Artificial intelligence (AI) is an increasingly defining force, shaping global advancements and influencing crucial aspects of society. Assistant professor Yousif Hassan’s research examines the social, economic, and political implications of emerging technologies, with a particular emphasis on technological innovation, development, and the digital economy. He recently published a book chapter and a peer-review article focused on the politics of AI in Africa, illustrating how machine learning and natural language processing should not be looked at only as tools for innovation, but can play a role in state-building, development, and cultural preservation.
In “Machine Learning as a State-building Experiment: AI and Development in Africa,” published in The Oxford Handbook of the Sociology of Machine Learning, Hassan explores how machine learning (ML) is entangled with global power dynamics. AI is often framed as a silver bullet for development, but as Hassan analyzes, these technologies are also embedded with assumptions that perpetuate old beliefs, particularly that economic and social development challenges in the Majority World are often attributed to the lack of human and technological capacity but this framing obscures deeper structural issues and power imbalances that shape development in Africa.
Hassan employs frameworks from both science and technology studies, as well as contemporary African and decolonial studies to analyze how AI for Development (AI4D) projects in countries like Kenya and Ghana reflect competing visions of the future of technology. Some see ML as a catalyst for growth, while others critique it as a new form of imperialism through technology.

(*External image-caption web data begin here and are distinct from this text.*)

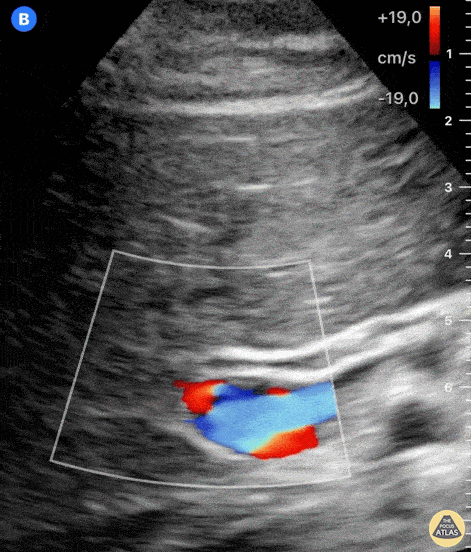 Biliary - Normal Common Bile Duct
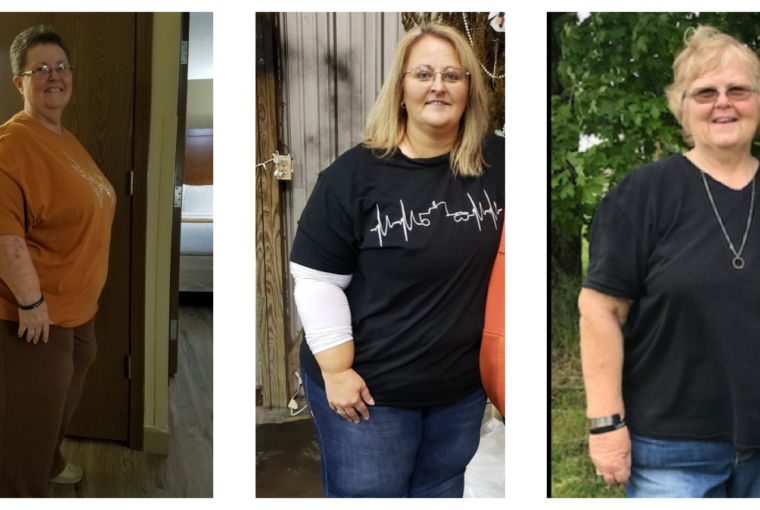 Gastric Bypass Before and After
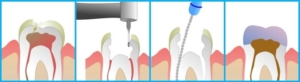 Чистка зубных каналов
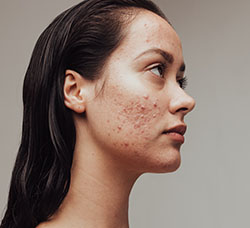 Acne skin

Hassan calls for a more grounded, politically aware engagement with AI in Africa as “there is an urgent need to recognize the desire of local AI communities to have an equal voice in global technoscience spaces that are built with legacies of colonial structures still persistent in contemporary societies, with all their asymmetries of wealth and power.”
While machine learning is shaping national development and state-building, Hassan’s work also turns to another terrain where AI intersects with history, identity, and resistance: language. In “The Politics of Memory: NLP Models as Liberating Artifacts,” published in Science, Technology and Society, Hassan examines natural language processing (NLP) of Indigenous African languages, and how AI in this context can digitally restore and preserve collective memory.

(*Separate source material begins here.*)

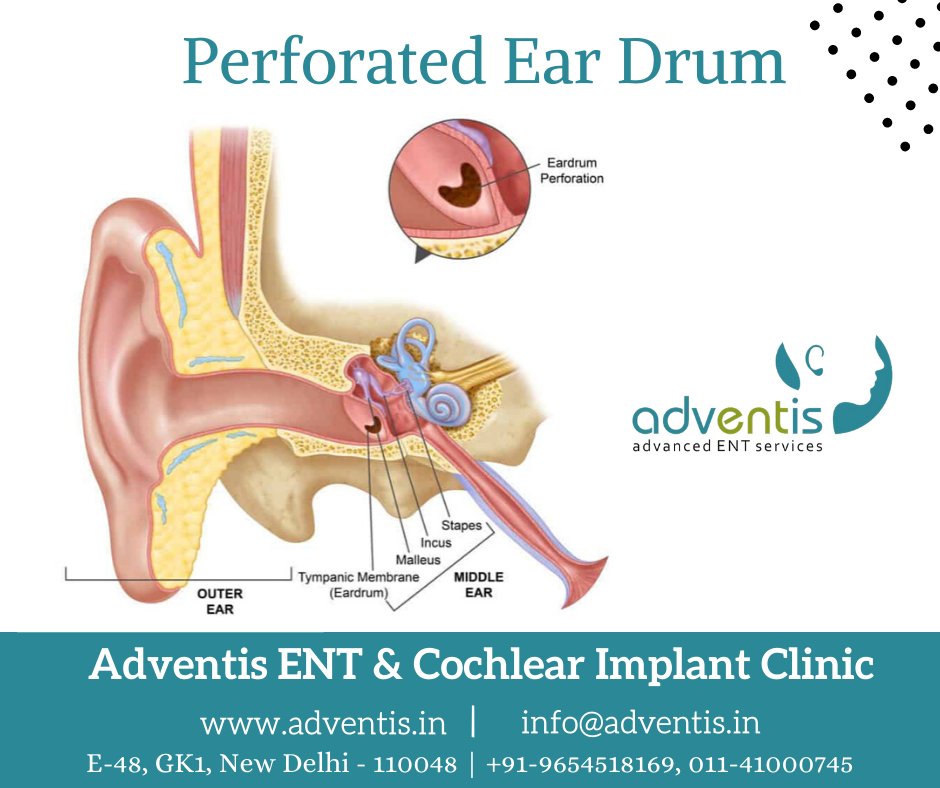 perforated-ear-drum-infection-treatment-in-delhi-india-adventis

Hassan traces how language has historically been used as a technology of control—first by colonial regimes seeking to subjugate African identities, and later by postcolonial governments working to reclaim them. Today, he argues, NLP models function as “intangible political artifacts,” tools with the potential to restore Africa’s indigenous languages in education and public service.
To unlock NLP’s potential, Hassan calls for national strategies that prioritize the democratic participation of local communities and foster global partnerships. “African governments need to support democratic participation of local NLP communities in the debates and development of their national strategies,” he writes. “This requires active and ethical engagement with the communities that are the bearers of this knowledge, as well as equal and productive collaboration with the international community based on mutual respect and dignity.”